Preferred preservation formats

The preferred formats to transfer to are SVHS, Betacam SP, Digital Betacam and D1.

? S-VHS - A composite analog format that is cheap, easy to find and provides reasonable quality. A valid choice for a budget transfer.

? Betacam SP - A component analog format that has become the standard in broadcast production. The video signal is actually 3 discrete signals, and these signals are even recorded separately on the tape. While Betacam SP offers the best recording quality in an analog format, it has the reputation of having more dropout than U-matic and one inch. Also, the less expensive UVW Betacam SP tape machines are much less robust than the broadcast models, and have more problems.

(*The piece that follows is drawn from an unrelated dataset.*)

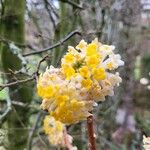 Edgeworthia chrysantha Blomst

? Digital Betacam - The preferred recording format at BAVC is a controversial choice. Digital Betacam offers 4:2:2 component recording and is a clear market leader in the video production community. But Digital Betacam is also digital recording and has 2:1 DCT compression. While there are many arguments to "stay analog" in remastering, the reality is video production has not been all-analog in twenty years, since digital time base correctors began to be widely used. The TBC, an essential tool for recording a viewable image from 1/2" open reel, is a digital box that converts analog signals to digital and digital signals to analog.. If you use a TBC to transfer, you've already moved from analog to digital. The issue of compression is much stickier; the question really is whether DCT compression, as it is implemented on Digital Betacam, is transparent enough for the purposes of video remastering. Given the market dominance of Digital Betacam, the viewable quality of the image and its cost-efficiency, the DCT compression of Digital Betacam seems acceptable, especially considering the relative low technical quality of the original formats being transferred.

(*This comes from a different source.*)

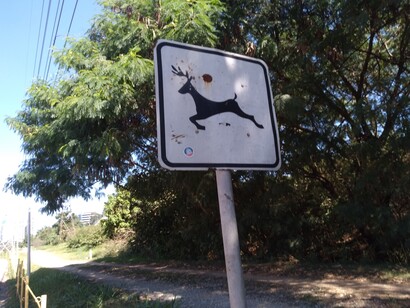 Placa adverte para a presença de animais com chifres na ciclovia do Rio Pinheiros em São Paulo, Brasil. Próximo ao estranho Castelo Cidade Jardim percebo uma placa indicando que há alces (ou outro animal com chifres) nas margens do rio. Até hoje não encontrei. Imagino se talvez as dóceis capivaras os tenham expulsados, se a placa seja fruto de uma piada ou se apenas ignoro o que significa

? D1 - An uncompressed digital component format. BAVC was not able to justify the expense.

Formats not recommended

In my opinion, there is a high risk when transferring tapes from obsolete formats to 8mm/Hi-8, MII, DCT, DV/Digital 8, Betacam SX or DVD.

? 8mm/ Hi-8 - These formats employ tiny tapes; engineers hate to work on such small scale machines. Hi-8 offers the same image quality as S-VHS but more dropout. It is a format that has been superseded by the small digital formats; however, there are still plenty of tape machines out there. In the future, 8mm/Hi-8 will pose challenges for preservation.

? MII - A Panasonic format that is equal Betacam SP's equal in everyway except popularity. MII tape machines are hard to find.

? DCT - Ampex's digital component format. Ahead of its time. Long gone.

? DV/Digital 8 - Both formats are designed to be cost effective digital formats. Compression is reasonable for field acquisition (5:1 DCT), formats are 4:1:1 component, with 2 chroma (1 B-Y signal, 1 R-Y) signals for 4 Y (luma) signals. Tapes and tape paths are tiny, making the machines difficult to work on and probably less reliable than the larger formats. DVCPRO 50 offers better quality but is stillvery small.

? Betacam SX - A compressed digital 4:2:0 component format that is strictly for field acquisition.

? DVD - This digital format is designed for distribution, not for remastering.

Transferring tapes to one inch, U-matic, D3/D5, D2 or Digital S is not recommended, although the risk is somewhat less than transfers to the formats listed above.
? One inch and 3/4" U-matic - Should be considered an obsolete formats for remastering. Reliable technicians, machines and parts are increasingly difficult to locate.

? D3/D5 - Panasonic's answer to Sony's D2 and D1. Great quality, But machines are difficult to locate.

? D2 - An uncompressed composite digital format that has been superseded in the marketplace by a compressed component format, Digital Betacam.

? Digital S - A digital format with the form factor of VHS and the specs of Digital Betacam. An attractive idea with a small market share.